Saturday, December 19, 2015

Parents Only | Dinner |


I love dinner. I snack throughout the day so that I can take full advantage of dinner. I look forward to dinnertime with family, and eating a full portion. While I prefer eating at a time which reflects that of an 85 year old woman who sits down with her t.v. tray and dinner fare at 4:30 PM, my husband prefers the schedule of a college age male who eats dinner at 8 PM “Grab a snack,” he instructs as I impatiently wait to leave the house for our 8 PM reservations. Since the insides of my stomach start eating each other with no other viable options at 6 PM, the 8:00 hour seems light years away. He is in no hurry. “Aren’t you hungry?” I question. “I will be at eight.” He replies, void of a growling stomach. This is one important nuance that had failed to come up during premarital counseling.

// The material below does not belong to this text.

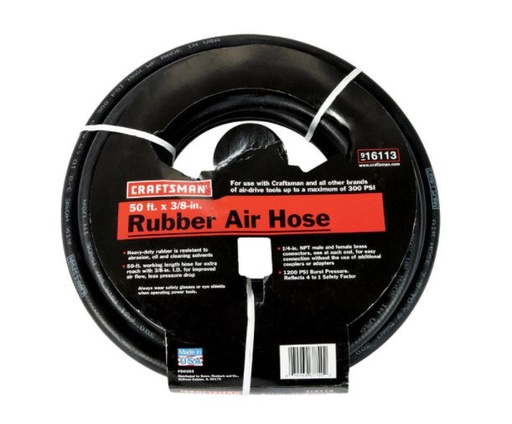 CM AIR HOSE 3/8 X 50.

Our kids prefer dinner at 3:30 PM. I suspect that their insatiable, after school appetite can only be linked to their disposing most of the ingredients lodged in their brown lunch sacks instead of indulging in its contents. However, they are not satisfied with a snack to curb their appetites. They want enough food to fill them up and banish any and all hunger pangs. “You don’t need to fill up,” I tell them. But, they inevitably reply, “But we’re still hungry.”

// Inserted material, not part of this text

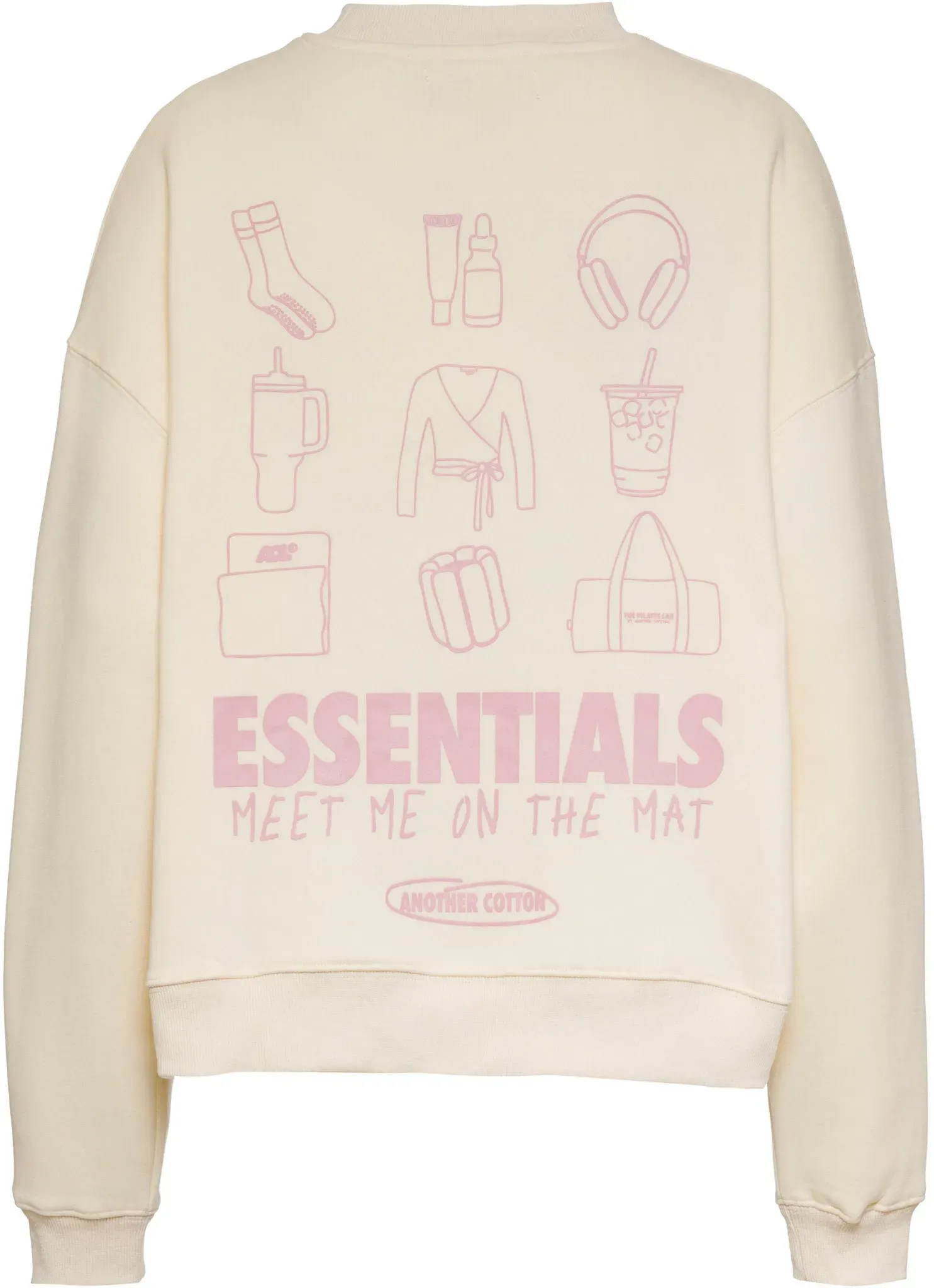 Another Cotton Lab Mat Essentials Sweatshirt Damen in white, Größe S - weiß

Although our family has never had to experience true huger as the world defines it, we do go through moments of feeling hungry and longing for something to fill our stomachs. In those moments our moods shift, irritable attitudes emerge, energy levels plummet, and impatience appears. I have been told that I am the CEO of appetite irritability. However, this has not been fully proven.

The same is true for me when I find other things to take the place of my time with God. While deciding on a particular time to spend reading the Bible, studying devotionals, and journaling varies with preference, I prefer mornings.

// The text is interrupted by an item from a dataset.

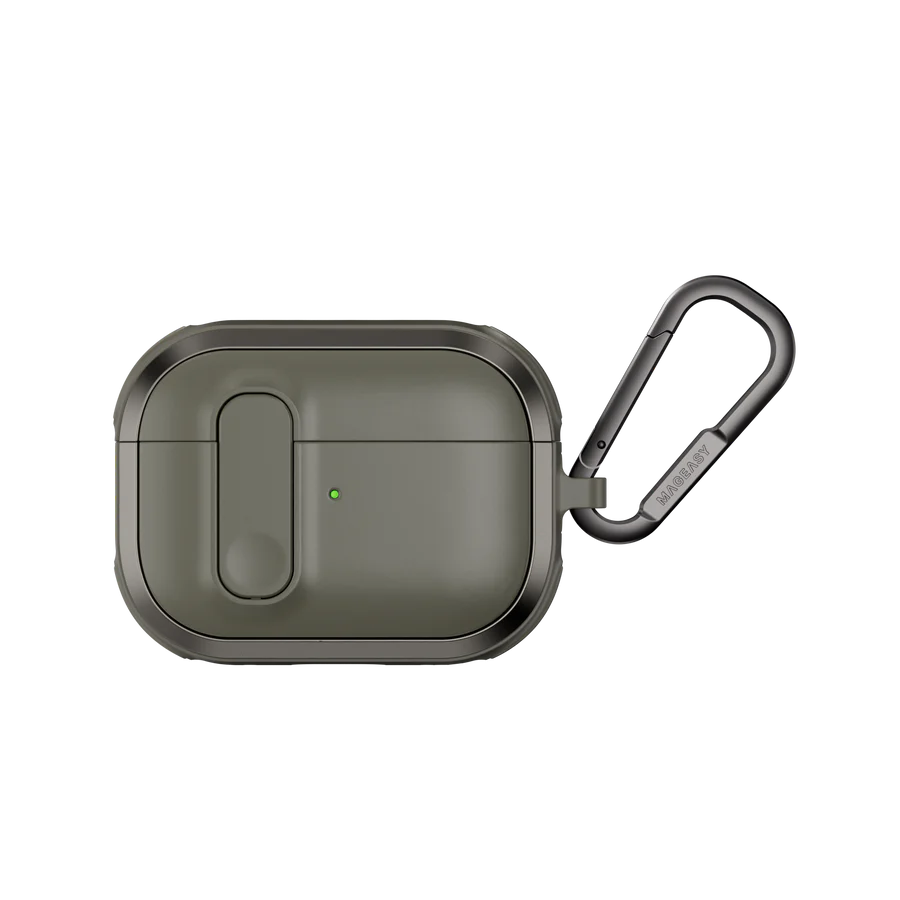 Mageasy Odyssey – AirPods Pro 1:2 Protective Case (Metal Green) 01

In the same way that hunger interferes with my ability to function normally, or so I’ve been told, the absence of time with God has the same affect on my attitude and well being. I find myself losing patience with homework mistakes, smashed crackers on the counter, and the bathroom mess from three untidy boys.

Psalm 107:8-9 says, “Let them give thanks to the Lord for his unfailing love and his wonderful deeds for mankind, for he satisfies the thirsty and fills the hungry with good things.” Time with God is the ultimate spiritual hunger eliminator. His inspiration and assistance through devotionals and scripture, fills us in ways that food never will. He fills our spiritual emptiness and gratifies our soul, and fills us with joy. When we follow Him and commit to time with Him, we are satisfied.

After 24 years of marriage, my husband and I have have decided on a compromise to our dinner hour dilemma. I will eat a snack at 4 PM, and dinner will be served at 7 PM. As for the children, they will have a hearty snack and then I will block all entrances to cupboards and the refrigerator. If they are still hungry, I will brew them a fresh cup of black coffee. I read somewhere that coffee curbs your appetite. Consider it done.